Dealing with different concepts of "missingness"

I’ve come accross different types of missingness that occur when loading and preprocessing data.

  1. NaN
  2. Nothing
  3. Missing

e.g.

df = groupby(DataFrame(g = [1,1,2], v = [1,2,3]), :g) |>
          x-> combine(x, :v =>var)
df.v_var[2] == NaN
json = JSON3.read("""{"Nothing":null}""")
isnothing(json["Nothing"])
1 + missing == missing

This brings some problems with processing the data e.g. Arrow.jl does not play nice with the Nothing type, coalesce does not work with NaN. I wonder how you are dealing with these differnt types?

Thanks

  1. Don’t use nothing with data. nothing is for functions that don’t return anything, or for undefined returns, i.e. failed regex matches.
  2. Use missing with data. missing means, “here is a value, we just don’t know what it is”
  3. NaN is a Float64, it’s a number. It’s not quite right to say you “don’t know what it is”, because it’s really the result of some kind of “bad” numerical calculation, i.e. 0/0.

coalesce is just for missings. The function something is for nothing values. Looking at it now this is not the best naming scheme, I guess.

I don’t think there exists an equivalent function for NaN.

7 Likes

Thanks for the clarification! I’ve been using replace quite a lot since it seems to work with all of them. But it’s kind of annoying to deal with all of them depending on the package/function used. I already wrote a small function that deals with nothing but I guess I have to add NaN .

Just so you know, with that function you wrote, you aren’t actually avoiding any copying.

You could just do

df[!, c] = replace(df[!, c], nothing => missing)
1 Like

Good to know! I thought that this was an in-place operation. Is there a way to do it without copying or is your suggestion the way?

No, there isn’t a to change the type of a vector to allow missings without copying. Maybe in the future that could be an optimization, but your Convert call is where the copying happens, I think.

There could be cases where fields are optional, and nothing should be used, right? “I know that there is no value here”

1 Like

Yes. But in the context of data I’m not sure that’s a very common scenario to be in. You never see NULL with working with data frames in R for example.

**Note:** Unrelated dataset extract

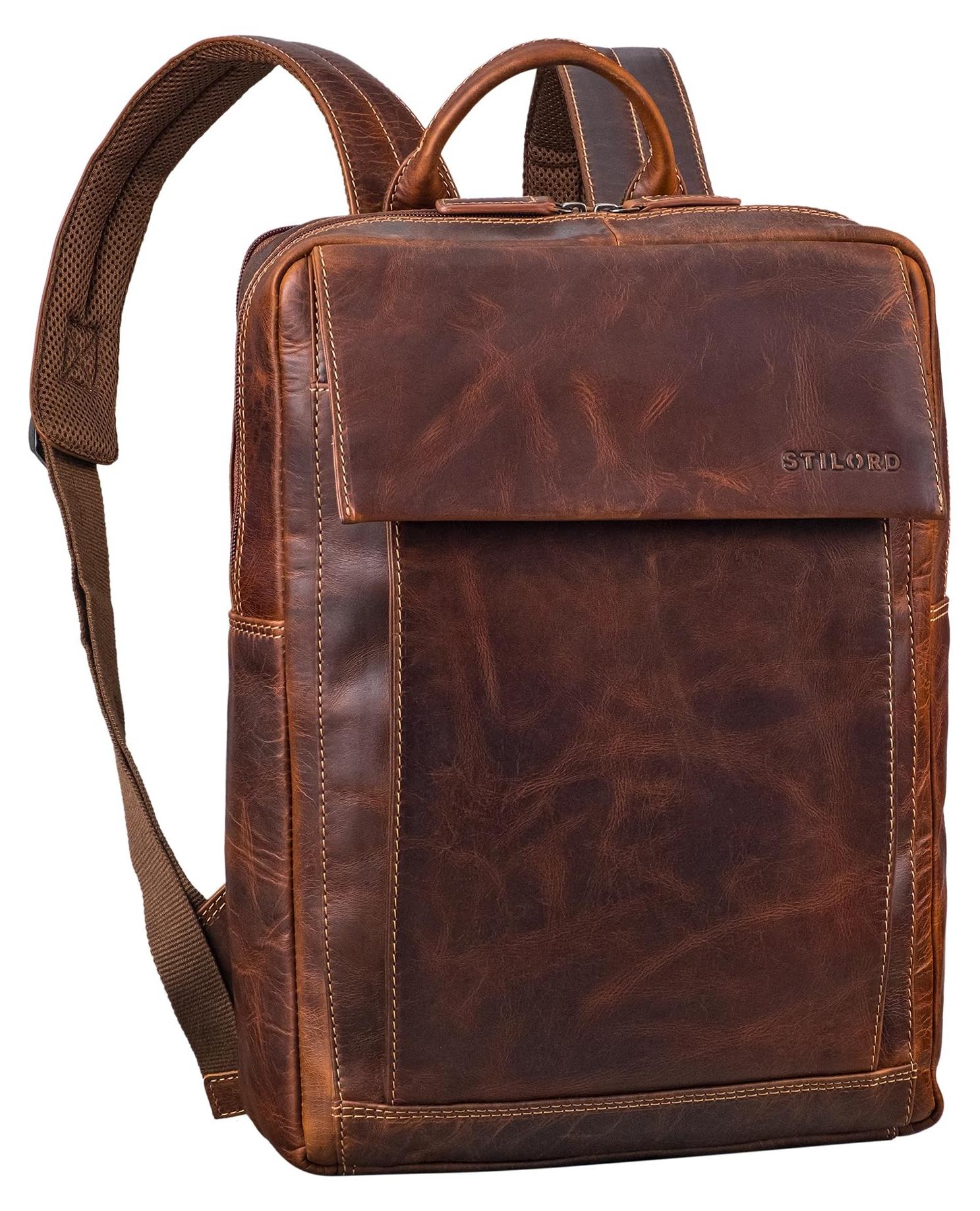Leder Rucksack mit Laptopfach für 15-16 Zoll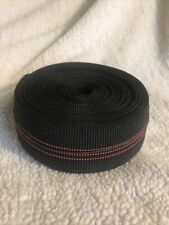 Used, 2”W x 29ft Nylon Black Webbing Strap w/ Triple Red Threading down center for sale  Shipping to South Africa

I would agree. Coming from R I have never seen NULL used in tabular data. But maybe my usecase is specific in that I think in terms of a model matrix s.t. it does not really matter why a value is missing. In any case the row will be removed or I would like to replace it with some value.

The problem is that one still has to check whether there are nothings in the column otherwise missings are allowed implicitly

julia> typeof(replace([1,2,3], nothing => missing))
Array{Union{Missing, Int64},1}

Yeah, you still need that check.

My lazy version of that is

if eltype(df[!, col]) isa Union     
...
end

The more involved version to read the types of a union into a vector

function readtypes(U::Union, types = DataType[])
    push!(types, getfield(U, :a))
    if isa(getfield(U, :b), DataType)
        push!(types, getfield(U, :b))
        return types
    else
        readtypes(U.b, types)
    end
end

I asked a similar question on Stack Overflow that received some helpful answers you may find useful.

1 Like

If your goal is just strip away any missing, nothing, and NaN entries …

notmissing = Base.Fix2(!==, missing)
notnothing = Base.Fix2(!==, nothing)
notnan(x) = true
notnan(x::Base.IEEEFloat) = !isnan(x)
isavailable(x) = notmissing(x) && notnothing(x) && notnan(x)
clean(data) = filter(isavailable, data)

If you want the indices of each missing, nothing, and NaN

function unavailable(data)
  idxs = []
  for (i,x) in enumerate(data)
    !isavailable(x) && push!(idxs, i)
  end
  return idxs
end
1 Like